John’s current law firm McDonald Carano’s long-term support to Legal Aid Center, includes attorneys in the 50 Hours Club and 100 Hours Club and Robert McPeak, who has been serving as Legal Aid Center’s General Counsel since 2016.
When asked why he does pro bono work, John said that service to his family, country, and community are some of his core values. Helping others is a mission he undertakes personally and professionally. He indicated that attorneys have tremendous ability and responsibility to help open the massive courthouse doors for the less fortunate. “To be able to walk into the well of a courtroom and advocate on behalf of pro bono clients whose rights have been violated and explain why those rights matter and why the Courts must provide a remedy is equally as important and as fulfilling as when I served overseas in the U.S. Navy to help advance freedom and democracy. Making the world a better place begins in our own local communities. To that end, the American Bar Association and the Nevada Bar Association recommend providing 50 hours of pro bono services every year. I view that number as a minimum and provide far more every year because, in my view, it is a duty for those fortunate enough to be admitted to the Bar to provide as much pro bono services to those in need that they can. Inspired by Justice Hardesty’s support of the Access to Justice Commission, I also serve as the Nevada Young Lawyers Association’s Access to Justice Commission member. The Commission works to try to ensure that the courthouse doors are more accessible for all Nevadans.”

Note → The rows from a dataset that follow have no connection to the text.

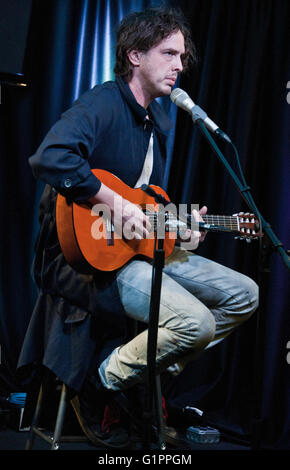 Bala Cynwyd, PA, USA. 12 mai, 2016. Groupe de rock indépendant américain Radio 145,5 millions aujourd''s Broncho Visites Performance Theatre. Banque D'Images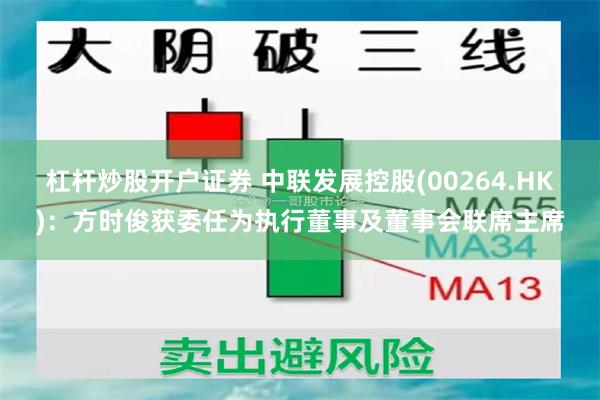 杠杆炒股开户证券 中联发展控股(00264.HK)：方时俊获委任为执行董事及董事会联席主席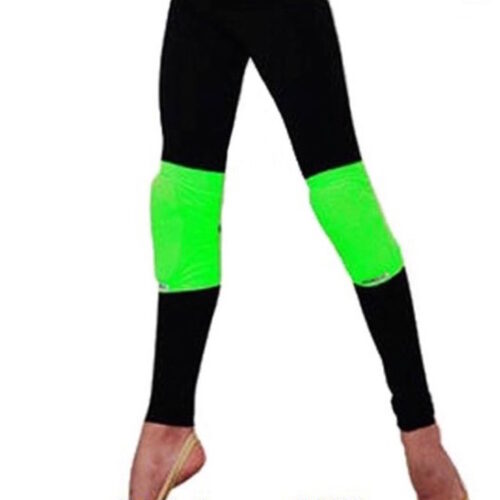Pair of knee pads L Fluo Green FUNNY
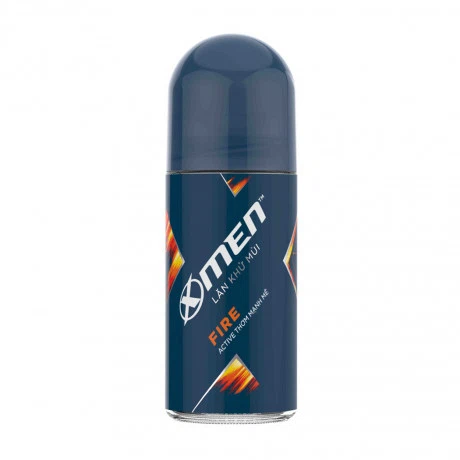 Lăn khử mùi giảm tiết mồ hôi dành cho nam XMen Fire (50ml)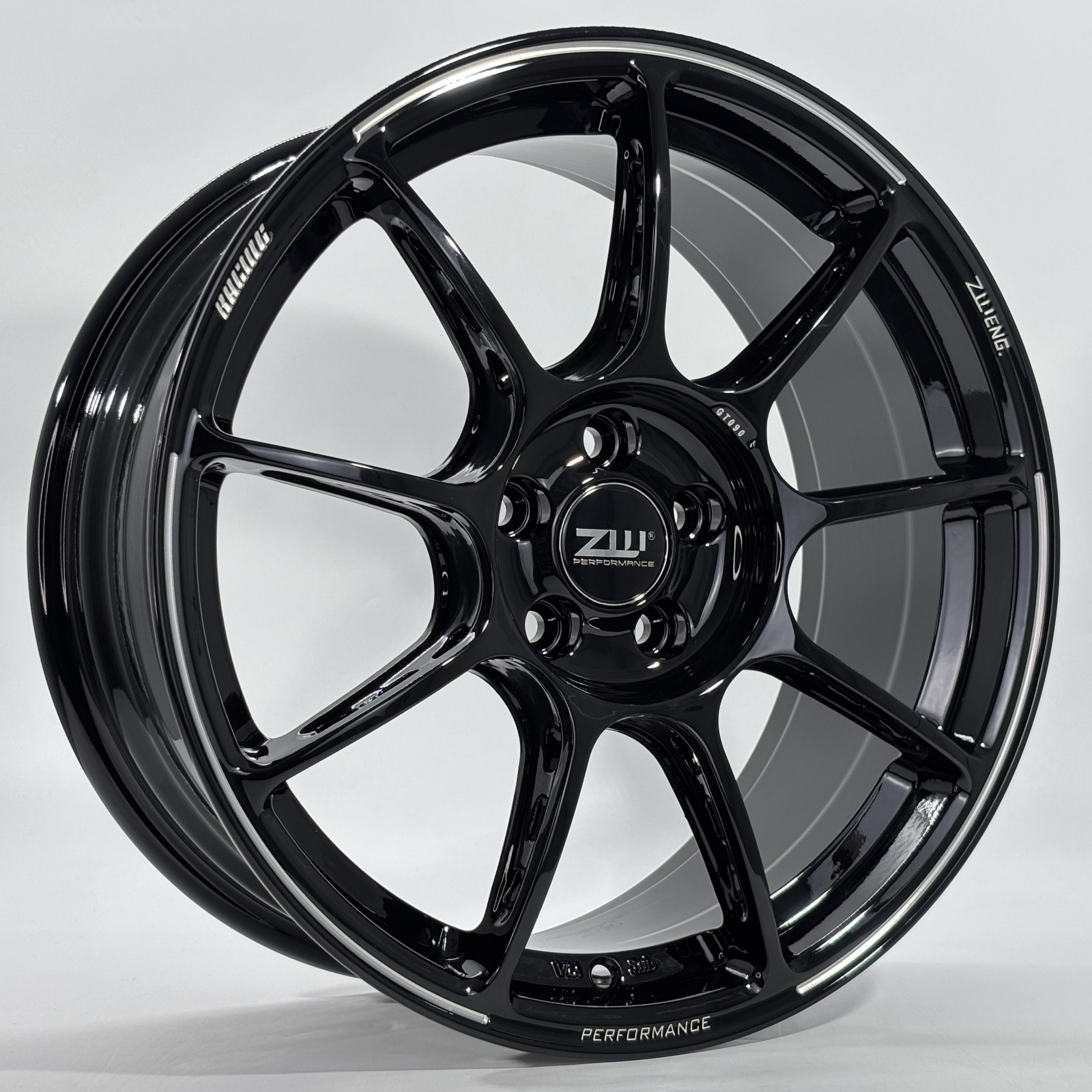JOGO DE RODA RAYS ZW GT090 ARO 17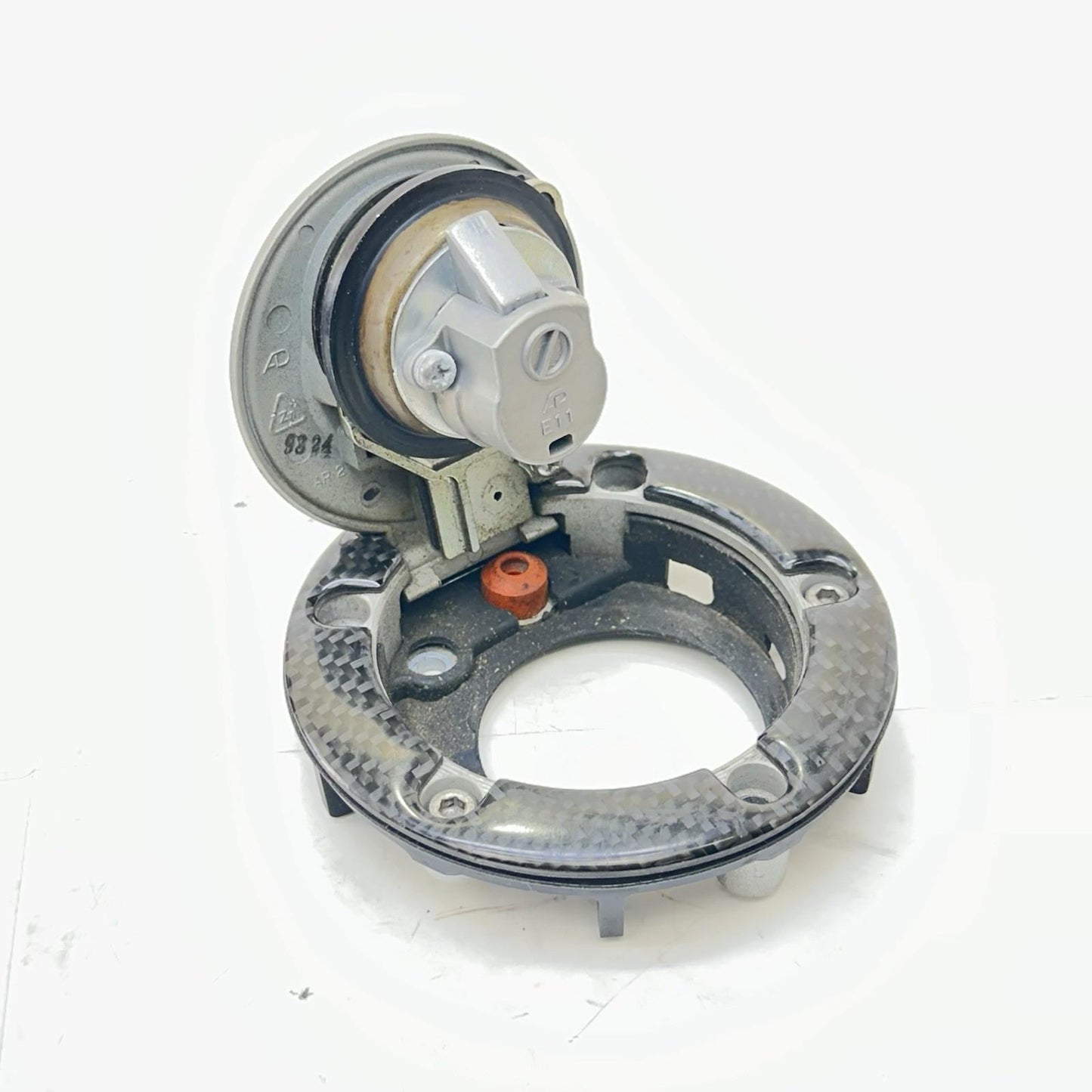 2009 - 2014 YAMAHA YZF R1 IGNITION LOCK SET KEY GAS CAP SEAT LATCH CLAMP BRACKET
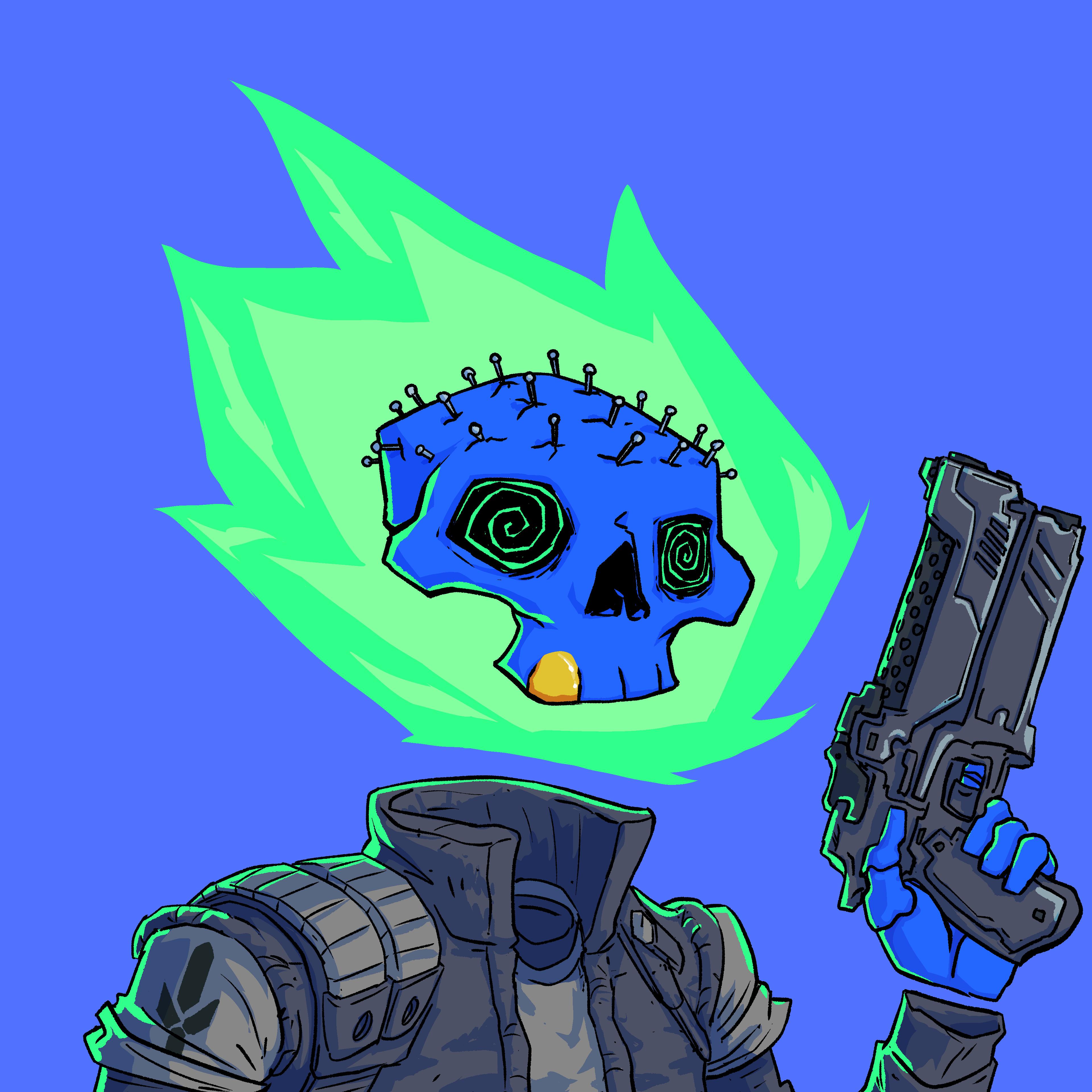 Skull #0195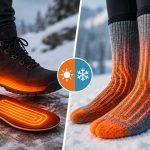 Heated Insoles vs Heated Socks Which One Actually Keeps Your Feet Warmer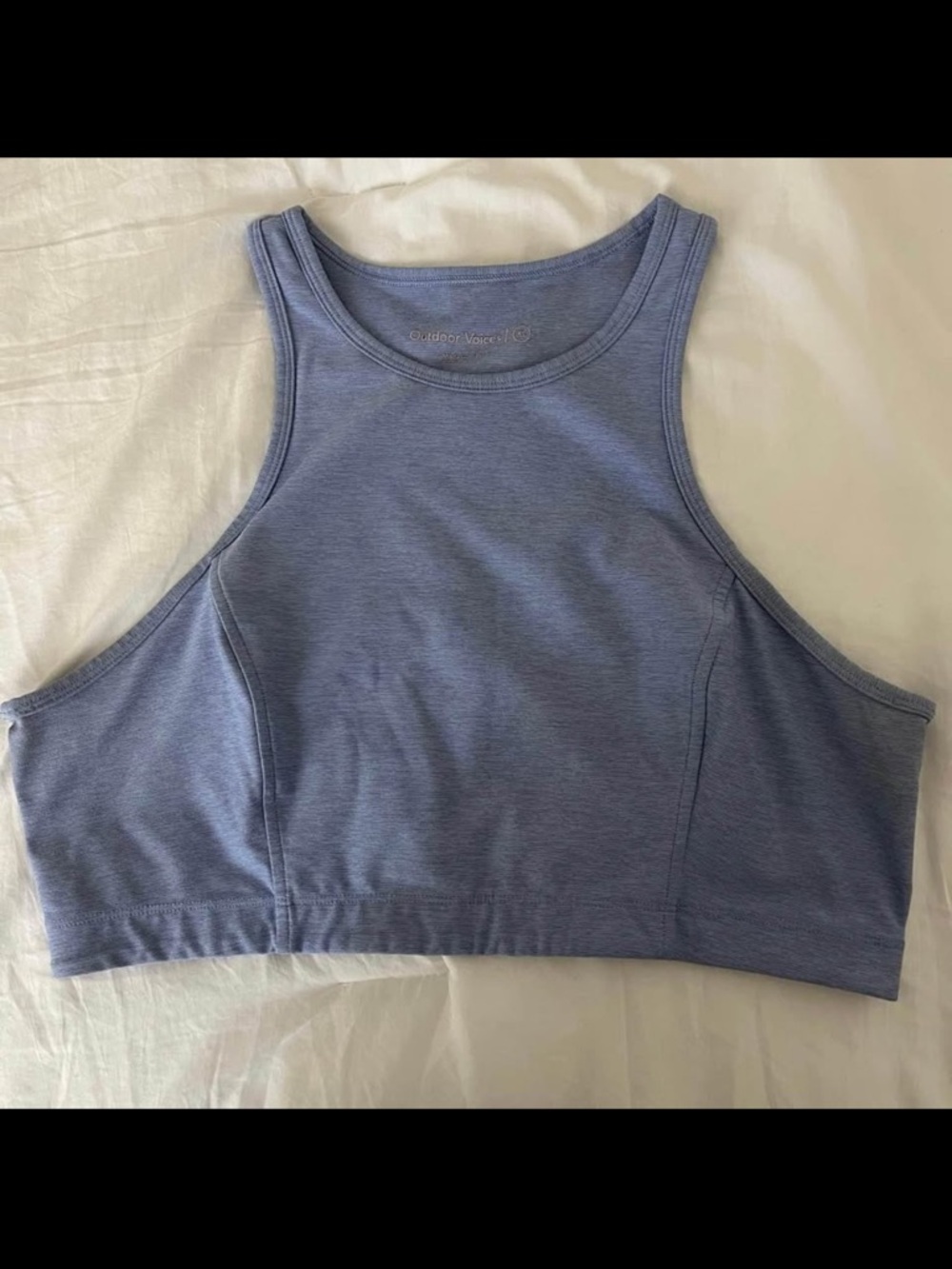 Outdoor Voices Athena Crop Top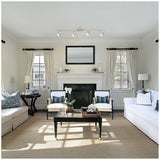 LUMINARIO REGLETA LED 4 LUCES DE 3W SATINADO JUMILLA ***HAE 2024***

We asked John to share about a memorable client and how he helped them. This is what John shared with us. “In one of my pro bono cases involving a complex mix of civil rights, tax, real property, and criminal law, I had the honor and privilege to argue before the Nevada Supreme Court. After argument, while I was still on the adrenaline rush from this amazing professional opportunity, my client called to thank me for giving her a voice the whole way to the NSC, especially when many other lawyers turned her down. She was incredibly thankful and emotional, and immediately put into perspective the immense personal impact on her of what was a powerful professional moment for me. That conversation with my client, speaking about what happened, and how appreciative she and her family were, was the moment that I truly realized that Even in the rough and tumble of our daily lives as litigators, we, as attorneys can do valuable, meaningful, and laudable good in the world if we take the time to support pro bono services. While that conversation was about me helping her, it was also about her helping me – helping me remember why we do pro bono work, helping me reenergize with the power of human purpose, and helping me renew my personal and professional commitment to help those in need. We won the appeal and I continue to fight for my clients’ constitutional rights to this day.”
John knew for years that Home would mean Nevada. We are grateful to John for making Nevada his Home and for providing access to justice to so many in need. John’s selfless and compassionate dedication to those in need makes him the great pro bono attorney he is today. We are pleased to name him our Pro Bono Volunteer of the month.